EN QUE CONSISTE LA ADENOMECTOMIA O PROSTATECTOMIA ABIERTA
En la intervención se extrae el adenoma y no toda la próstata. Se realiza habitualmente a través de una incisión en el abdomen por encima del pubis. También cabe la posibilidad de que durante la cirugía haya que realizar modificaciones del procedimiento por los hallazgos intraoperatorios para proporcionar un tratamiento más adecuado. Después de la intervención estará con sueros durante 1-2 días siendo el postoperatorio normal de una semana. Durante unos días llevará sonda vesical y, una vez retirada ésta, comenzará a realizar la micción de forma natural, inicialmente con pequeños trastornos como escozor, imperiosidad, etc, que suelen desaparecer a los pocos días.

RIESGOS DE LA ADENOMECTOMIA O PROSTATECTOMIA ABIERTA
A pesar de la adecuada elección de la técnica y de su correcta realización, pueden presentarse efectos indeseables, tanto los comunes derivados de toda intervención y que pueden afectar a todos los órganos y sistemas, como los debidos a la situación vital del paciente (diabetes, cardiopatía, hipertensión, edad avanzada, anemia, obesidad…), y los específicos del procedimiento:
– No conseguir mejora de la calidad miccional.
– No poder retirar la sonda vesical permanente si fuese portador de ella.

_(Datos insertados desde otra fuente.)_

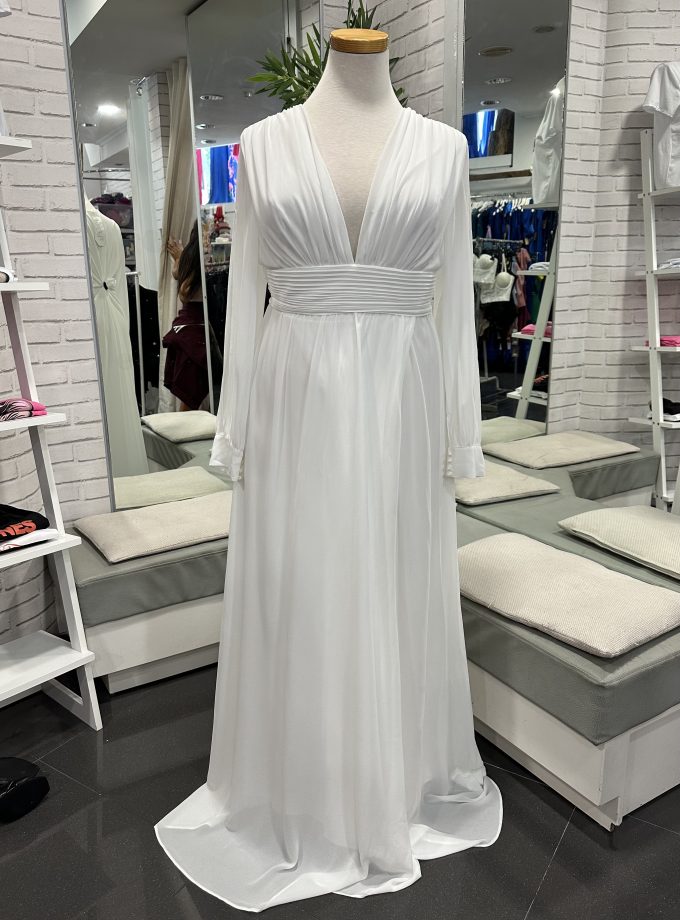 Vestido Gasa Aberturas Mangas Novia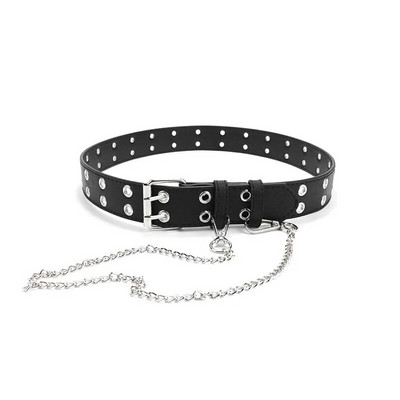 Punk PU bőr öv gyerekeknek dupla lyukú fém tű csat gyerekek derékszíj fiú lányok farmer nadrág fekete derékpánt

– Desarrollo de una estenosis uretral.
– Incontinencia urinaria.
– Hemorragia incoercible, tanto durante el acto quirúrgico como en el postoperatorio, cuyas consecuencias pueden ser muy diversas dependiendo del tipo de tratamiento que haya de necesitarse, como consecuencia directa del sangrado o por efectos secundarios de los tratamientos empleados.

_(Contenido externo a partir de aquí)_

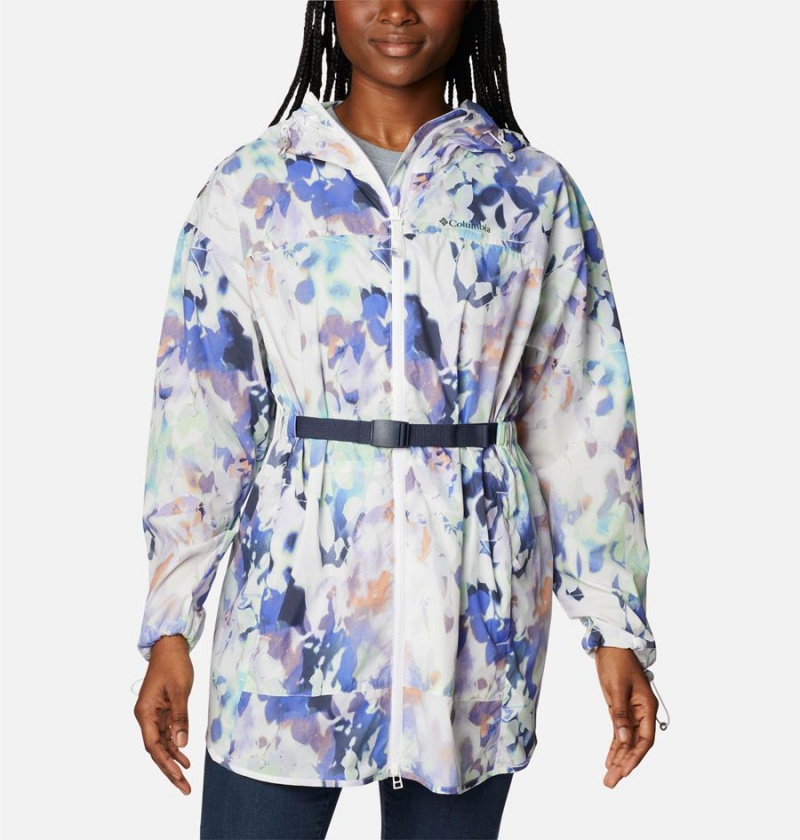 Columbia Parkette Long Wind Jacket Women\'s Windbreaker White | SGFXOB-329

– Problemas y complicaciones derivados de la herida quirúrgica: infección en sus diferentes grados de gravedad; dehiscencia de sutura (apertura de la herida); eventración intestinal (salida de asas intestinales); fístulas permanentes o temporales; defectos estéticos derivados de alguna de las complicaciones anteriores o procesos cicatrizales anormales; intolerancia a los materiales de sutura.
– Eyaculación retrógrada con probable esterilidad.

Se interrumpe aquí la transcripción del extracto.